## WORK INSTRUCTION
The entries below contain a line with "公益活动丨践行责任担当 传递" and a line with "Gallery image thumbnail". Retype exactly everything from the first down to the second, both included, and nothing else.
══ DATASET ENTRIES ══
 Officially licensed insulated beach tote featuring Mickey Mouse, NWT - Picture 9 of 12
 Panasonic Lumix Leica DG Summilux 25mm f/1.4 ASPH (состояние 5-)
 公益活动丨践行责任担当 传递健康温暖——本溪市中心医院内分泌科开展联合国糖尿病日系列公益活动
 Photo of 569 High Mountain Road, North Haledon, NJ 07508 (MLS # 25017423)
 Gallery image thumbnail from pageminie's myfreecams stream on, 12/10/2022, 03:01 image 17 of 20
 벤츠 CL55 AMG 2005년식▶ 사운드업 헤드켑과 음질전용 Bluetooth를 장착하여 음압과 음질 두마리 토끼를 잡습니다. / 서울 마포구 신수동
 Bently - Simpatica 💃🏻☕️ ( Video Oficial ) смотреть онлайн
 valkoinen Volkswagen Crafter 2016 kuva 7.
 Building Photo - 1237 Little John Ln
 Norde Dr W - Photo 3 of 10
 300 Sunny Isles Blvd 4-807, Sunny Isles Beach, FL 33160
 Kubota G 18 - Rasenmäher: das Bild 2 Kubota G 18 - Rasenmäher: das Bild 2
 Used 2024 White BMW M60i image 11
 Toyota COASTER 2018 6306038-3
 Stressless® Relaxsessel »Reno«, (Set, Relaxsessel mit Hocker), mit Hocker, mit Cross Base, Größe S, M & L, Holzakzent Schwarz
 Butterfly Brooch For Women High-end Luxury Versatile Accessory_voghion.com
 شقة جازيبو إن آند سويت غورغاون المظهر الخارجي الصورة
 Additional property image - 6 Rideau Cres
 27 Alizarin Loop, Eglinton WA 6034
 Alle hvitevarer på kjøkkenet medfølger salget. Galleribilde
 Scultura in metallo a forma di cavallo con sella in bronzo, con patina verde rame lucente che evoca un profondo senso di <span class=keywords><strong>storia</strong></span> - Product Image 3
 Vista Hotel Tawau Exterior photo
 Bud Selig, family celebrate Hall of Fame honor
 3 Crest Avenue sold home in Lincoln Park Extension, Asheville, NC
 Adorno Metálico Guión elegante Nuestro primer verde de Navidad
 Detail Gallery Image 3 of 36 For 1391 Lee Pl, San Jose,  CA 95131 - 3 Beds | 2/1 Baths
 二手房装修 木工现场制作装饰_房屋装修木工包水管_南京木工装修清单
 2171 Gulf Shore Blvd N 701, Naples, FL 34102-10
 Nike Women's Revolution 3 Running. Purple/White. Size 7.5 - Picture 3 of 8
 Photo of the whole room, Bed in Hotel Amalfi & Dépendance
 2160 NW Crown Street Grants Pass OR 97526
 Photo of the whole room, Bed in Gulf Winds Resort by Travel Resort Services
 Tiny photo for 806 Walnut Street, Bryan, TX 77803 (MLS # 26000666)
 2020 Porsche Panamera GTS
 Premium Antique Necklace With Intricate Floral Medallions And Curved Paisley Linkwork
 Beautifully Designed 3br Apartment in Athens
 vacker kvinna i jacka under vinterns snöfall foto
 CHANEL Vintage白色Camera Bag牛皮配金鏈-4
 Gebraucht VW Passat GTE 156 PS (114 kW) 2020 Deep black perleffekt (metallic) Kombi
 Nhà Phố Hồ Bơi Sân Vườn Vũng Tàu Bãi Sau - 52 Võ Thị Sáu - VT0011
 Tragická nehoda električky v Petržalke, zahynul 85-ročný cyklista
═══
## SOLUTION BELOW
 公益活动丨践行责任担当 传递健康温暖——本溪市中心医院内分泌科开展联合国糖尿病日系列公益活动
 Photo of 569 High Mountain Road, North Haledon, NJ 07508 (MLS # 25017423)
 Gallery image thumbnail from pageminie's myfreecams stream on, 12/10/2022, 03:01 image 17 of 20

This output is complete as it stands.